Separate egg yolk and white. Keep the egg whites in the refrigerator.
In a bowl, whisk egg yolks. Add milk and sift in flour and baking powder. Mix well.
Take the egg whites from the refrigerator and whip up using electric hand mixer. As you mix, add granulated sugar, one tablespoon at a time. Beat the meringue until stiff peaks form.
In the bowl with egg yolk, milk and flour, scoop about 1/3 of meringue using a whisk and mix.
Then, pour the entire meringue into the mixture using a spatula and mix while trying not to crush meringue bubbles.

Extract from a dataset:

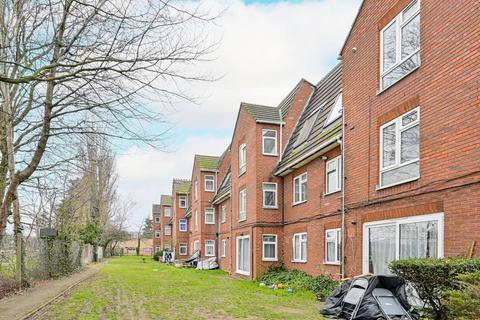 1 bedroom flat for sale, Hanger View Way, Acton, London, W3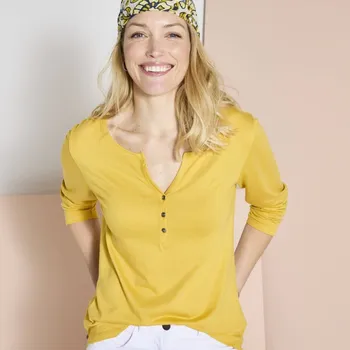 Dámské tričko Jednobarevné tričko s tuniským výstřihem a dlouhými rukávy kari 42/44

Heat up plenty of butter in a pan and melt over low heat. Make about 3.5-4 inch round with the pancake batter. Place plenty of batter on top to make a mountain-shape. This recipe makes three pancakes.
Over very low heat, cook for 7 minutes.
Wet the slotted spatula and carefully flip the pancakes.
Once flipped, add about a half of tablespoon of water into the pan and place the lid. Continue cooking for 7 to 10 minutes. Keep an eye on the pancakes while you wait, and keep adding ½ tablespoon of water when the water evaporates. Touch the side of the pancake and if batter doesn’t stick to your finger, it’s done! If you overcook them, they’ll shrink and won’t be as fluffy as you’d like.
Plate the pancakes and decorate them with powdered sugar, whipped cream, strawberries, and a mint leaf! Pour maple syrup if you’d like and enjoy!